A week into using it on real briefs, the wins are concrete:

Dialogue. Lip-sync is correct for the syllables, not just the mouth movements. Stress on the right word lines up with eyebrow lift. Eye contact pattern matches the cadence of the line. This is the part that felt like science fiction in our first test prompt and is now the part we lean on hardest.

Foley. Footsteps land on the frames where the foot lands. Doors slam on the frame where they close. Pour a glass of water in a clip and the water sound starts when the lip of the pitcher tips, not 200ms late.

Score. When the prompt asks for music, the music has structure that matches the visual structure — swells on motion, hits on cuts. It’s not at “professional composer” level, but it’s at “competent indie scene-setter” level, which is far better than any other generative audio we’ve integrated.

What still needs another generation

The model isn’t magic. Three areas where we’re still patching by hand:

Music identity. It can compose, but it can’t reproduce a specific artist or track. If your brand has a sonic signature, you’re still laying that in post.
Sound effects libraries. For very specific named effects — a Star Wars-style blaster, a sitcom laugh-track — you’re better off generating silent video and dropping the effect on the timeline.
Long clips. Like every video model in 2026, HappyHorse drifts past the 15-second mark. For multi-shot sequences, you still cut.

What it makes shippable

The bigger story is the kind of work that’s now feasible without a post-production stage. A few examples from real use this week:

A 12-second product explainer with VO that lip-syncs to a person holding the product. Previously: two days, three tools, one freelance animator. With HappyHorse: forty minutes, one prompt with reference images, one round of edits.
A 30-second ad cut with diegetic sound (footsteps, ambient room noise, a phone notification on cue).

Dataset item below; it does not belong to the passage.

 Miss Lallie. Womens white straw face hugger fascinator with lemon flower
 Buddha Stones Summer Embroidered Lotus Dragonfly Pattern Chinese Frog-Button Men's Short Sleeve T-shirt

Previously: video tool, audio tool, alignment pass, mixing pass. With HappyHorse: render twice, pick the better take.
A character-talking-to-camera reel for a brand spokesperson. Previously: this didn’t work — the lip-sync from prior models was uncanny enough to kill the take. With HappyHorse: usable on first or second generation about 70% of the time.

Where it sits in the recommendation logic

Effective today in the studio: HappyHorse 1.0 is the default for video generations when your prompt requires audio. The picker reads “audio implied” from prompts that include words like dialogue, says, talks, speaks, music, sound of, foley, or VO, and routes there unless you override.

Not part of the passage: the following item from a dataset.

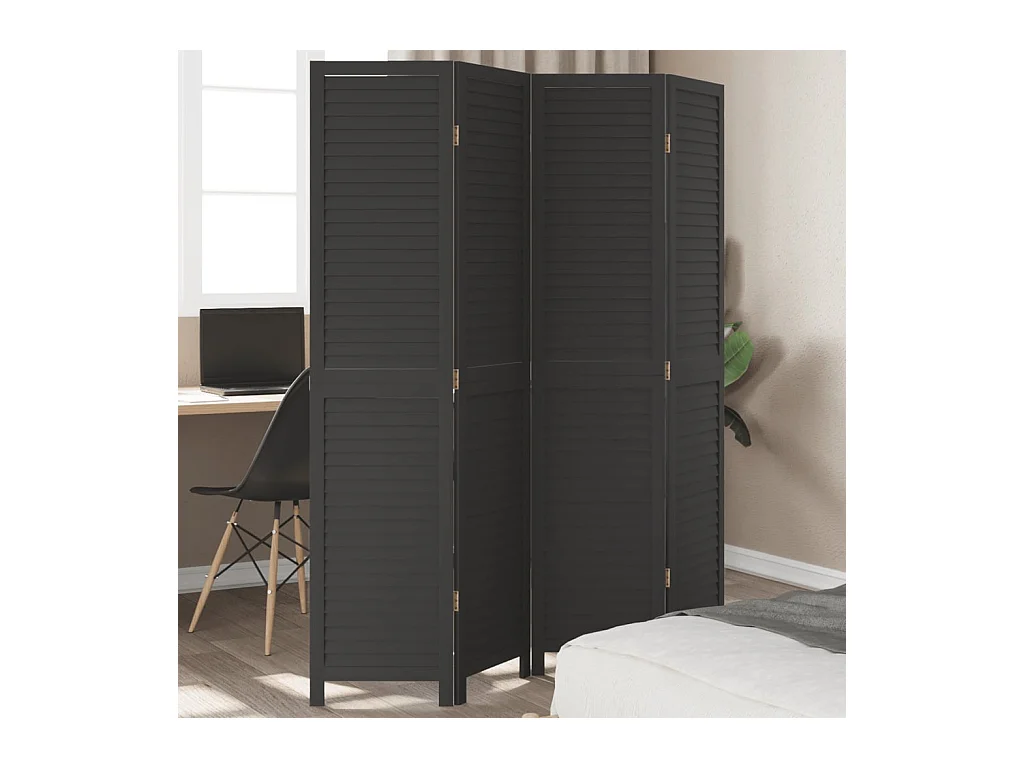 Cloison de séparation 4 panneaux noir bois de paulownia massif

For cinematic 4K with audio added in post: Veo 3.1 still wins on visual. For social drafts: Grok Imagine still wins on speed and feel. For reference-driven sequences: Seedance 2.0 still wins on consistency. HappyHorse owns the joint audio-video slot specifically — and that slot is suddenly the most useful one in the lineup, because so much production work is the audio-video joint.

A note on the leaderboard

HappyHorse 1.0 also leads the visual-only benchmarks this week, which is real but not the headline. Visual leaderboards swap every six weeks. The audio-video integration is the structural shift — the thing the rest of the field will spend the next year catching up to. We’re glad it’s already in the studio at the same shared credit cost as anything else.